- The Washington Times - Saturday, December 14, 2002

The White House applied pressure yesterday on Venezuela to hold prompt elections and to protect the rights of the people in the violence-racked country even as supporters and foes of President Hugo Chavez called for more street demonstrations in the capital, Caracas.
"The United States is deeply concerned about the deteriorating situation," the White House said in a statement. It cautioned there could be further polarization and more violence if negotiations did not begin in the next few days.
"The United States is convinced that the only peaceful and politically viable path out of the crisis is through the holding of early elections," said the statement issued by presidential spokesman Ari Fleischer.
The permanent council of the Organization of American States met in Washington while OAS Secretary-General Cesar Gaviria tried to mediate in Caracas. A senior State Department official, Thomas Shannon, a deputy assistant secretary, was sent to Caracas on Thursday. He met with Foreign Minister Roy Chaderton Matos yesterday.
The Bush administration is supporting the OAS in seeking a solution to the turmoil, while urging the Venezuelan government to develop a formula quickly for elections.
The United States and Peru prepared parallel resolutions designed to take steps to preserve democracy under the Inter-American democratic charter, which was adopted last year.
Mr. Gaviria, who reported by video on his mediation efforts, indicated negotiations were not producing results. "The sides are not close to finding a solution," he said.
The White House noted incidents of shooting on peaceful demonstrators and disruption of the economy. "These events have caused great hardship in Venezuela," the statement said.
In Caracas, Chavez supporters planned a rally downtown to celebrate the eight-month anniversary of the president's return to power after an April 12 coup.

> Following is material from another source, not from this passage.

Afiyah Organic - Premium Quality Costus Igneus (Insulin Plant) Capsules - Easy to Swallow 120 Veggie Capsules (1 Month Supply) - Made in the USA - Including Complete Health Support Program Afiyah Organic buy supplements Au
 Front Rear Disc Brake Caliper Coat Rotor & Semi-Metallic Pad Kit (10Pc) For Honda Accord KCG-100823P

Opposition leaders said they, too, would return to the streets yesterday, the 12th day of a crippling general strike they began in a bid to oust Mr. Chavez and his leftist government.
In the latest sign of tension, police used tear gas to break up a clash between pro- and anti-Chavez groups late Thursday. There were no reports of serious injuries in the scuffle.
Citing economic and political turmoil, Chavez opponents began the general strike Dec. 2, demanding a nonbinding referendum on his presidency, which ends in 2007. Mr. Chavez has refused, and the opposition now says it will end the strike only if he calls general elections.
The strike has crippled Venezuela's oil industry, the world's fifth-largest, which supplies 13 percent of U.S. imports. Ali Rodriguez, president of the state-owned oil monopoly, said Venezuela might even have to import gasoline.
Intent on breaking the strike, Mr. Chavez fired four dissident executives of the oil company. He fired the same executives and three others in April, sparking a general strike that led to a two-day coup.